MSK ultrasound of the rotator interval
This article summary explains the anatomy of the rotator cuff interval, an important stabilizing mechanism which can be compromised in case of adhesive capsulitis. The summary also explains how to scan the rotator interval with MSK ultrasound, interesting for diagnostic and interventional purposes.
The rotator interval is that portion of the shoulder joint where the rotator interval capsule is reinforced externally by the coracohumeral ligament (CHL) and internally by the superior glenohumeral ligament (SGHL) and traversed by the intra-articular biceps tendon.
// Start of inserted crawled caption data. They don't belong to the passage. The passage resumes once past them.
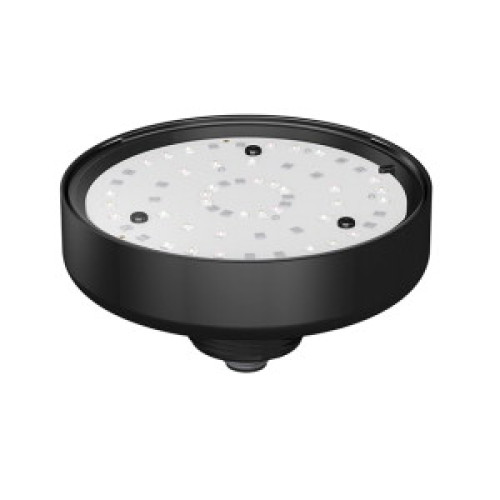 K90F Series EZ-LIGHT, 1-Color Daylight Visible Indicator, Voltage: 12-30 V dc, Environmental Rating: IP67, Input: PNP, Colors: Red, 5-pin M12 Integral QD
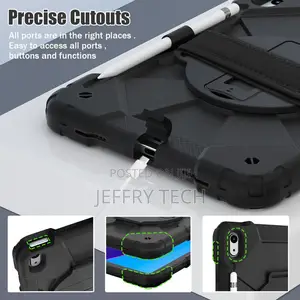 iPad 10th Gen 10.9 Inch 2022 Kickstand Rugged Cover-Black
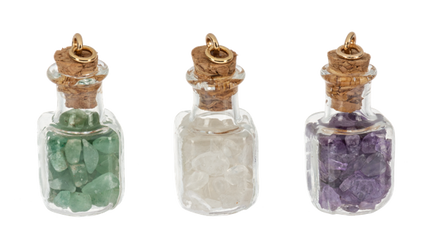 Crystal Intention Bottle Charm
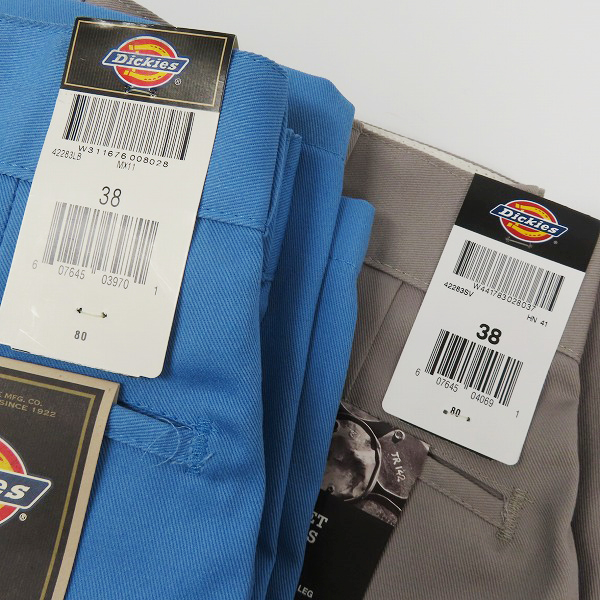 実際に弊社で買取させて頂いた【未使用】Dickies/ディッキーズ MULTI-POCKET WORK SHORTS/マルチポケット ワーク ショーツ ブルー系 グレー系/2点セットの画像 4枚目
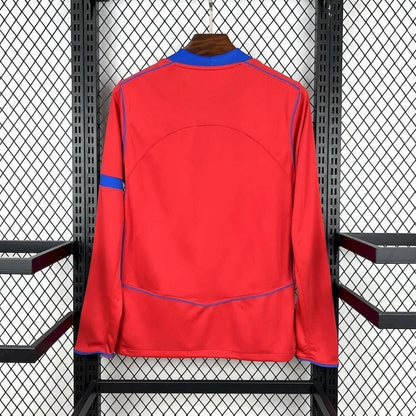 Maillot Rouge Paris 2025 Manches Longues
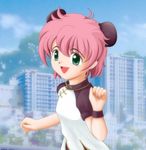  anita_king china_dress chinese_clothes dress green_eyes pink_hair r.o.d_the_tv read_or_die short_hair solo 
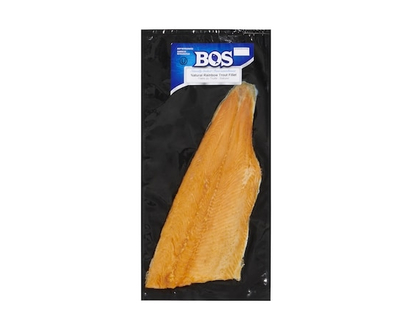 Bos Smoked Rainbow Trout Fillet Natural - 190.0 G
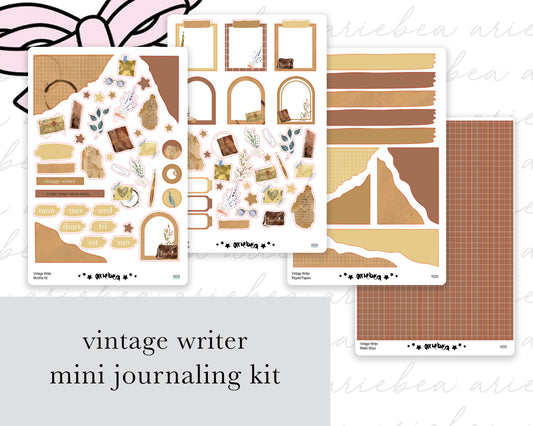 Vintage Writer Full Mini Kit (4 pages)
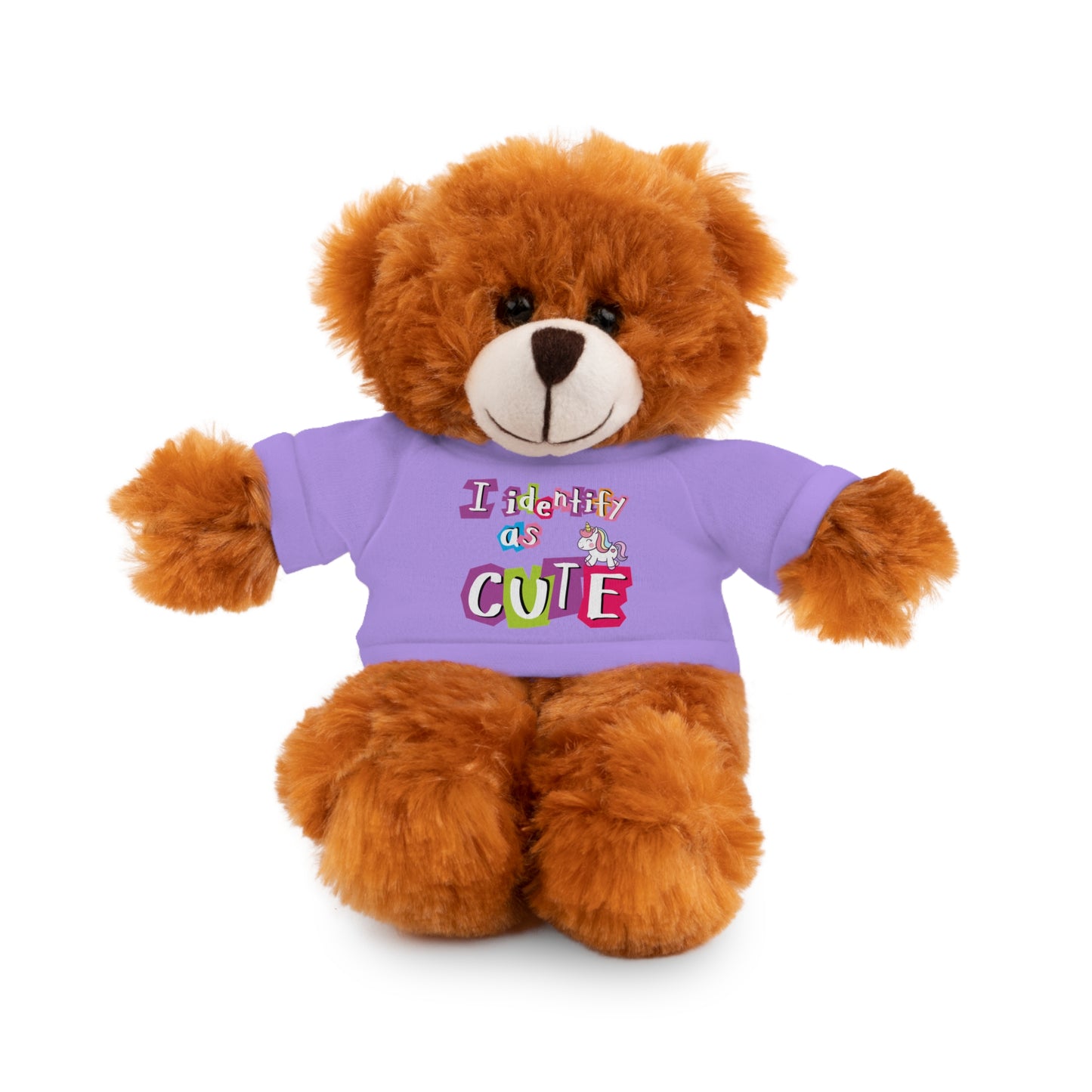 Cuddle Critters 8" Plushie | I Identify as Cute soft toy Lavender Bear 8"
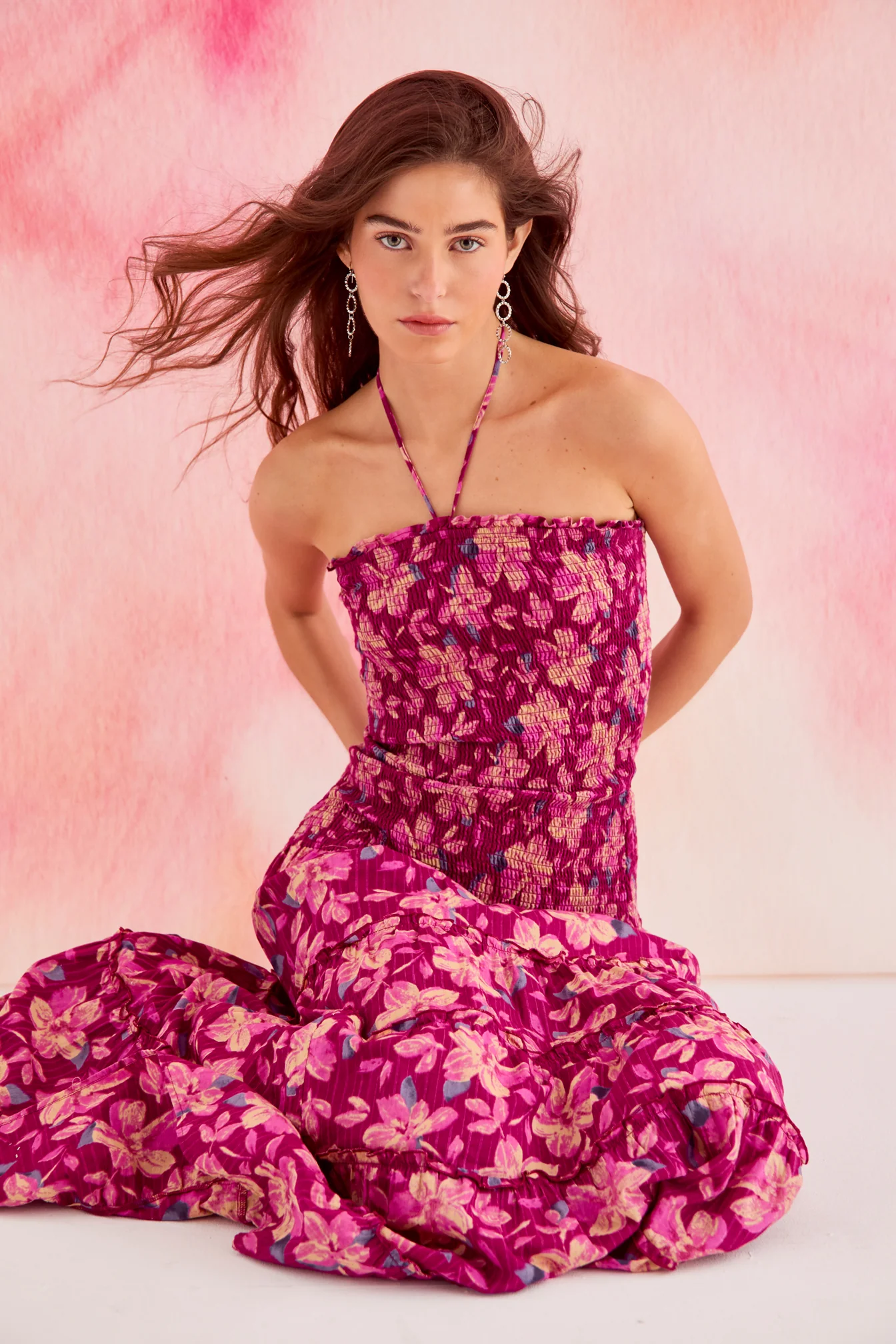 VESTIDO FRUNCIDO ESTAMPADO - Image 3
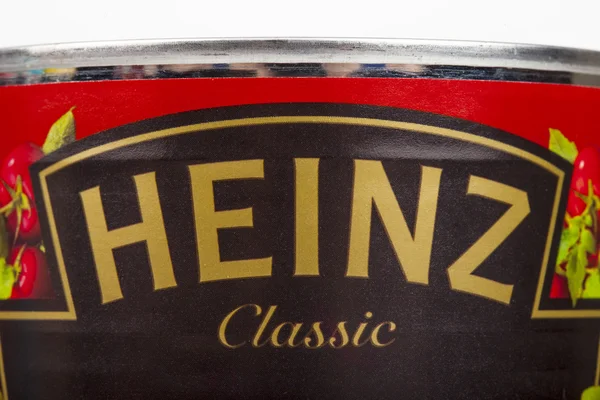 Logotipo de Heinz en una lata —  Fotos de Stock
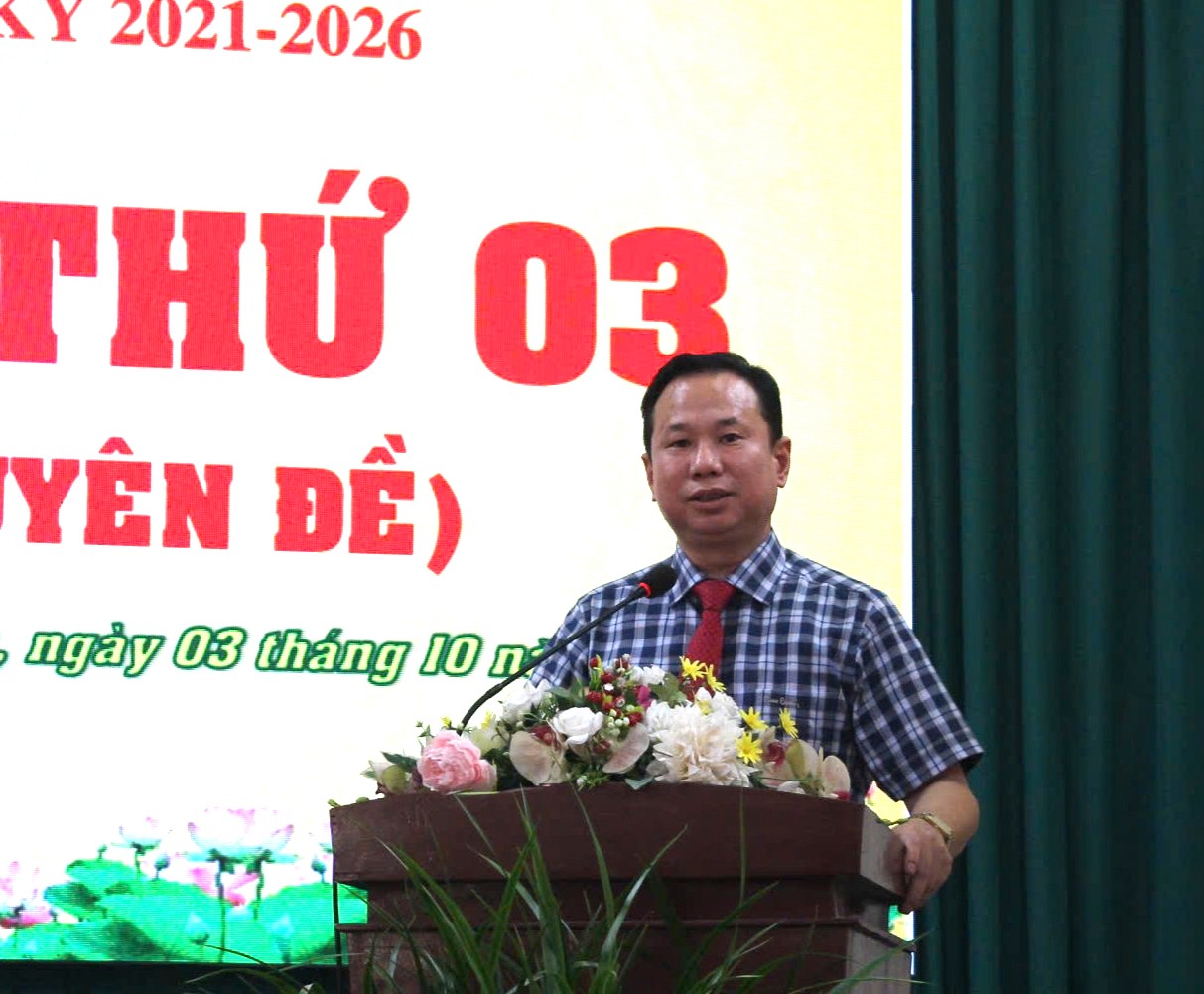 Kỳ họp thứ 3 - Kỳ họp chuyên đề năm 2025 Hội Đồng Nhân dân phường Hàng Gòn khóa I, nhiệm kỳ 2021 - 2026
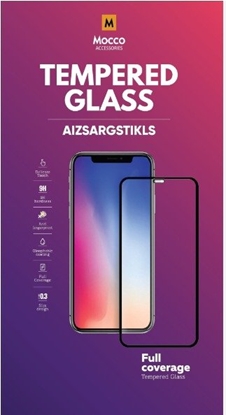 Attēls no Mocco Full Face / Full Glue Tempered Glass Full Coveraged with Frame Apple iPhone 15 Pro Black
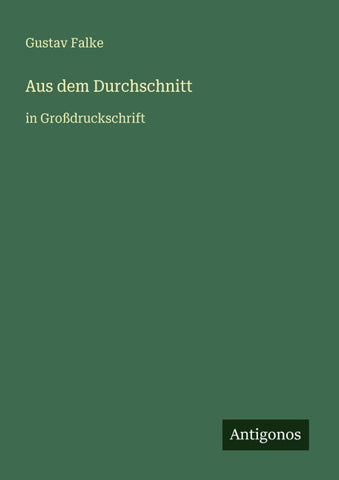 Aus dem Durchschnitt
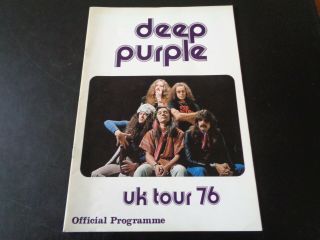Deep Purple Programme 1976 Come Taste The Band Uk Tour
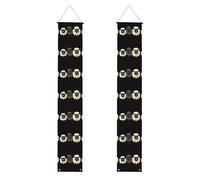 Bannière de porche de remise de diplôme WHJSHOP Trois jolis motifs moutons Décoration de porte, pour extérieur et intérieur, cour, fête, 30,5 x 180,3 cm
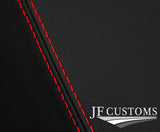 RED STITCH LEATHER 2X REAR DOOR TRIM ARMREST COVERS FOR JAGUAR X-TYPE 01-09 JF2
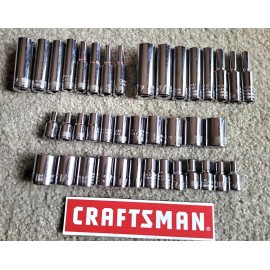 CRAFTSMAN  40pc Short/Deep  1/4dr  SAE & METRIC 6pt ratchet wrench socket set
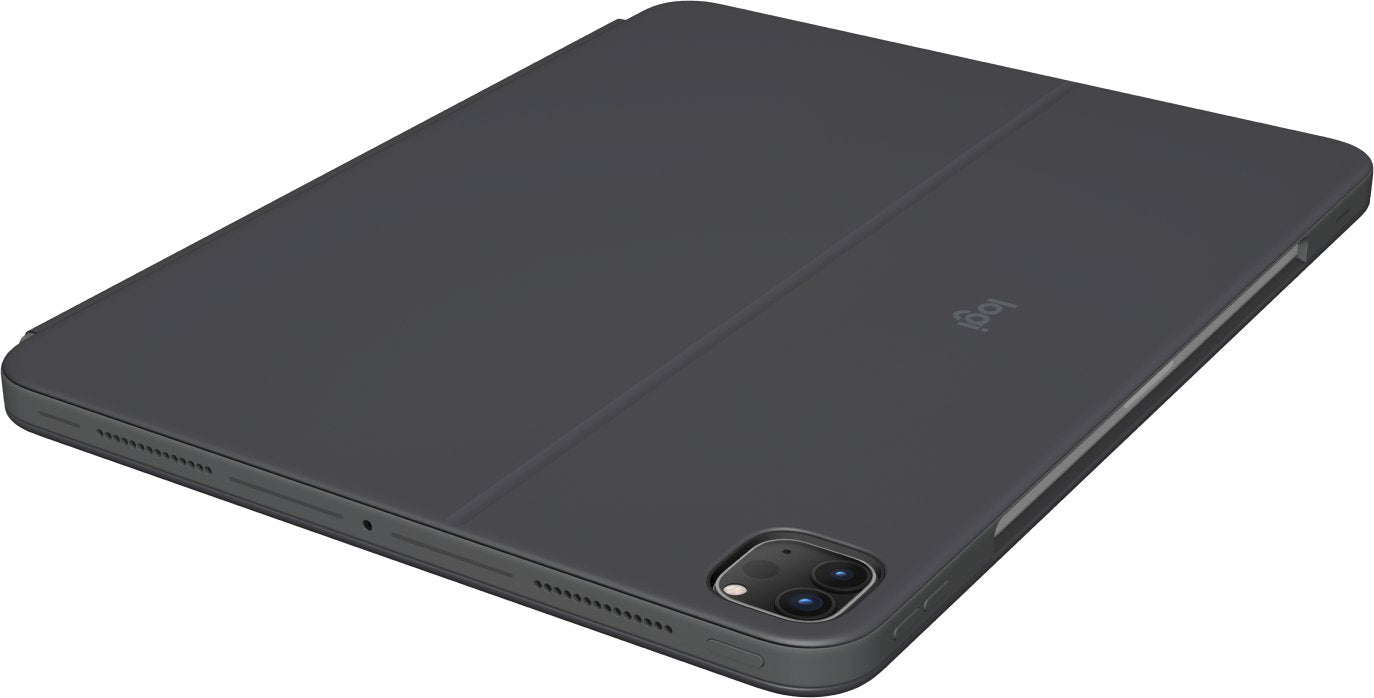 Logitech Combo Touch Caja De Teclado Y Folio Con Panel Táctil Retroiluminación Apple Smart Connector Qwerty Español Grafito Para Apple 13-Inch Ipad Pro (M4)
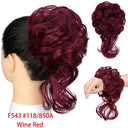 Messy Curly Chignon Bun Wig Stylish Hairpiece for Women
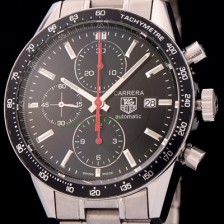 SA급 태그호이어 남성용 까레라 크로노그래프 블랙 다이얼 TAG0400 xx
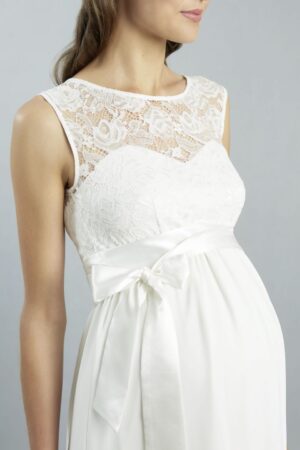 72 Sweetbelly Brautkleider fuer Schwangere Kollektion 2019 Lucy ivory short detail 1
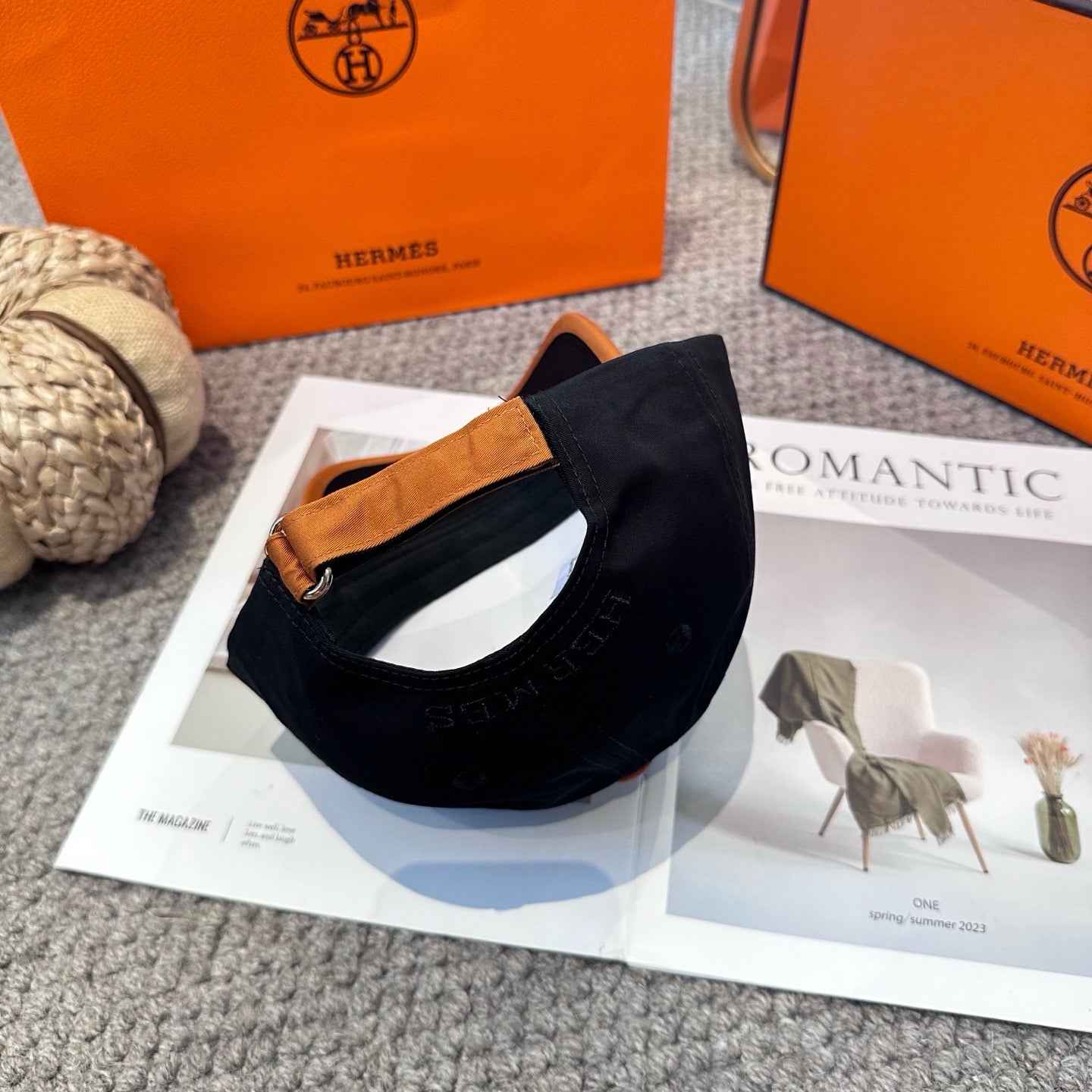 Orange, White, Blue and Black Cap - FashionHype.xyz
It is a triangular anatomic area in the anterosuperior aspect of the shoulder, which is defined by the coracoid process at its base, superiorly by the anterior margin of the supraspinatus tendon, and inferiorly by the superior margin of the subscapularis tendon. The rotator interval capsule is the antero-superior aspect of the glenohumeral joint capsule, which merges with the CHL and SGHL insertions medial and lateral to the bicipital groove, maintaining the biceps tendon within the groove.
To perform the MSK ultrasound visualization of the rotator interval: The patient is sitting uprights with it’s shoulder is slightly extended and the elbow flexed to facilitate visualization of the rotator interval anteriorly. The transducer is placed transverse over the anterior shoulder and a long-axis view of the rotator interval, with the biceps at the center of image and supraspinatus and subscapularis to either side, is obtained. The CHL is seen draped superiorly over the biceps tendon. Contracture and thickening of the CHL is a frequent finding in adhesive capsulitis.